Martedì della IV settimana del Tempo di Pasqua




Alla vittima pasquale, si innalzi il sacrificio di lode,
l'Agnello ha redento il gregge,
Cristo l'innocente ha riconciliato i peccatori col Padre.

Victimae Paschali



Dal Vangelo secondo Giovanni 10,22-30.

Ricorreva in quei giorni a Gerusalemme la festa della Dedicazione. Era d'inverno. Gesù passeggiava nel tempio, sotto il portico di Salomone. Allora i Giudei gli si fecero attorno e gli dicevano: «Fino a quando terrai l'animo nostro sospeso? Se tu sei il Cristo, dillo a noi apertamente». Gesù rispose loro: «Ve l'ho detto e non credete; le opere che io compio nel nome del Padre mio, queste mi danno testimonianza; ma voi non credete, perché non siete mie pecore. Le mie pecore ascoltano la mia voce e io le conosco ed esse mi seguono. Io do loro la vita eterna e non andranno mai perdute e nessuno le rapirà dalla mia mano. Il Padre mio che me le ha date è più grande di tutti e nessuno può rapirle dalla mano del Padre mio. Io e il Padre siamo una cosa sola». 


IL COMMENTO

Creati ad immagine e somiglianza di Dio conosciamo solo la voce dell'unico nostro Pastore. Il Pastore che si è fatto agnello, il più piccolo, muto e umile di fronte ai suoi tosatori. L'Agnello condotto al macello, immolato perchè la nostra Pasqua sia autentica, e definitiva. E' Lui il vero Agnello che ha tolto il peccato del mondo, l'Agnello che ha redento il suo gregge. Per questo i discepoli di Giovanni non possono resistere al suo fascino e lo seguono, e desiderano vedere dove abiti questo amore capace di perdonare e ridonare la vita. Sono sue pecore da sempre, come ciascuno di noi, conoscono la sua voce, aspettavano quell'incontro.

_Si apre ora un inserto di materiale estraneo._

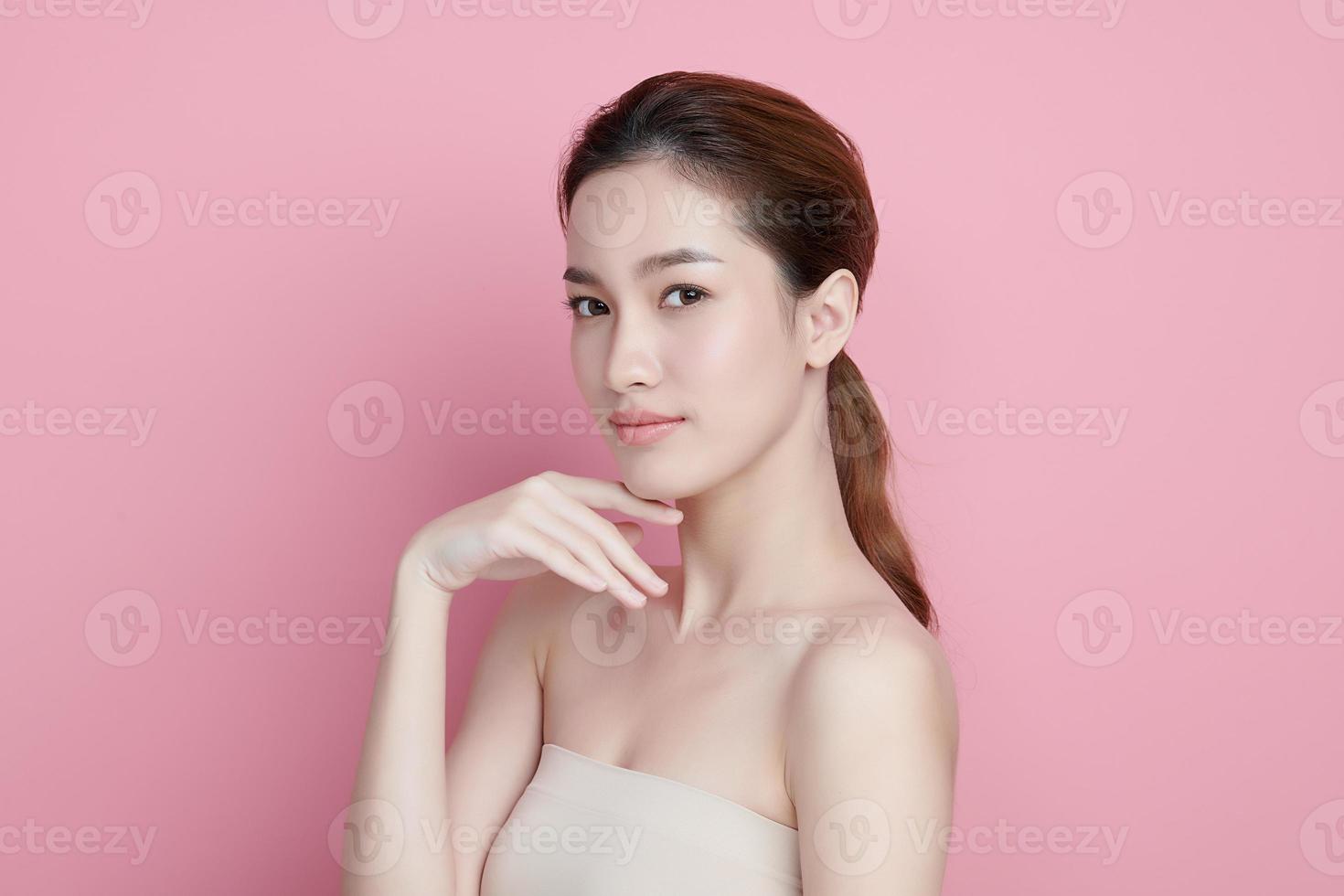 Beautiful young asian woman with clean fresh skin on pink background, Face care, Facial treatment, Cosmetology, beauty and spa, Asian women portrait. photo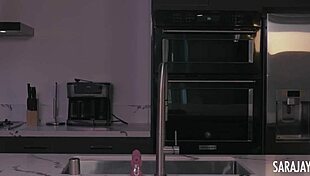 Sara Jay fingers her huge tits pussy on kitchen counter to orgasm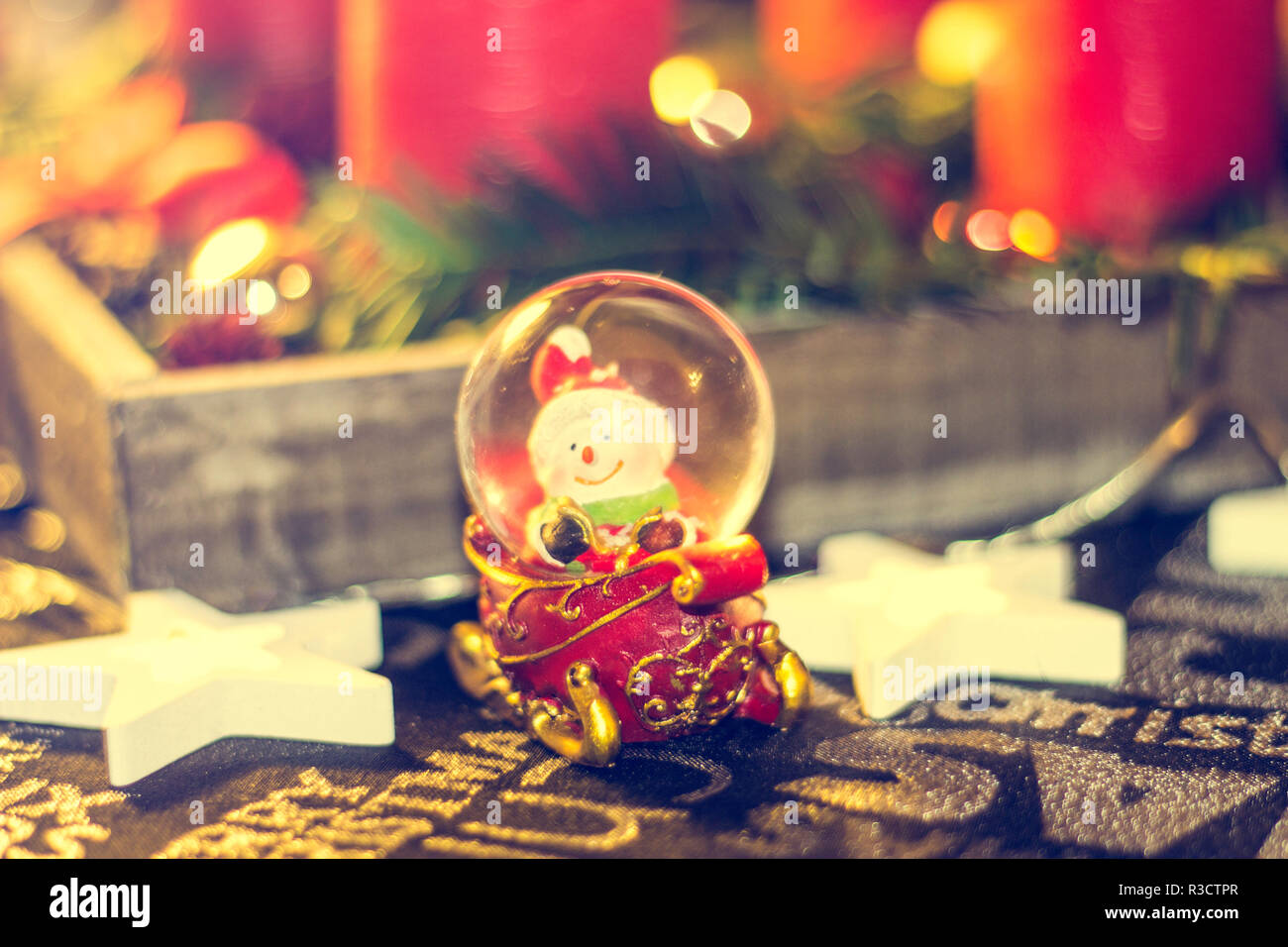 santa on table in snow globe Stock Photo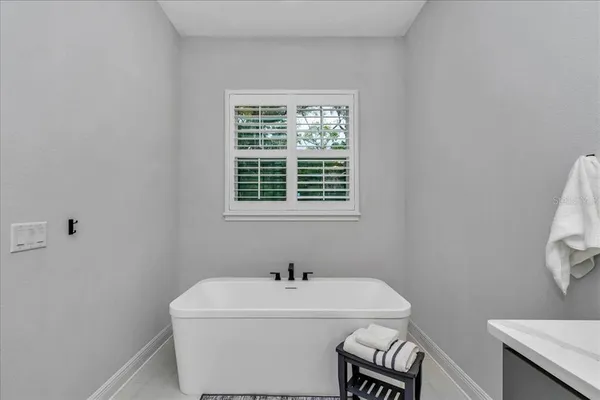 a bathroom with a sink and a window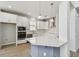 Modern kitchen featuring white cabinets, stainless steel appliances, and pendant lighting at 16994 Cedar Valley Cir, Clermont, FL 34711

Il perdono dei peccati, è questa l'opera di Gesù che lo costituisce unico Pastore, l'unico a cui possiamo consegnare la nostra vita, perchè è l'unico che capace di riconsegnarcela redenta.


Il contesto nel quale Gesù oggi ci parla è quello della festa di Hanukkàh, della Dedicazione, che celebrava la riconsacrazione del nuovo tempio ad opera di Giuda Maccabeo, dopo la profanazione di Antioco Epifane. È la hanukkàh (consacrazione), detta in greco enkainía (rinnovazione) (cfr 1 Macc 4, 54-59; 2 Macc 1,8; 2,16; 10,5). In questa festa, secondo i rabbini e la tradizione ebraica, tra i tanti, vi sono due elementi che crediamo essere fondamentali per l'intelligenza delle parole di Gesù:

"Il decreto promulgato dai Greci Siriani, era di far "dimenticare la Tua Torà e violare i decreti della Tua volontà" agli Ebrei. I Greci adoravano la conoscenza. A loro non importava se gli Ebrei apprendevano lasaggezza della Torà. Ciò che obiettavano violentemente era l'idea che la Torà provenisse da Dio - "la Tua Torà"... Per questa ragione i Greci contaminarono l'olio nel Beit Hamikdash". "La radice Hanukkah, da cui derivano Hanukkah e hinnukh (educazione), significa anche "educare".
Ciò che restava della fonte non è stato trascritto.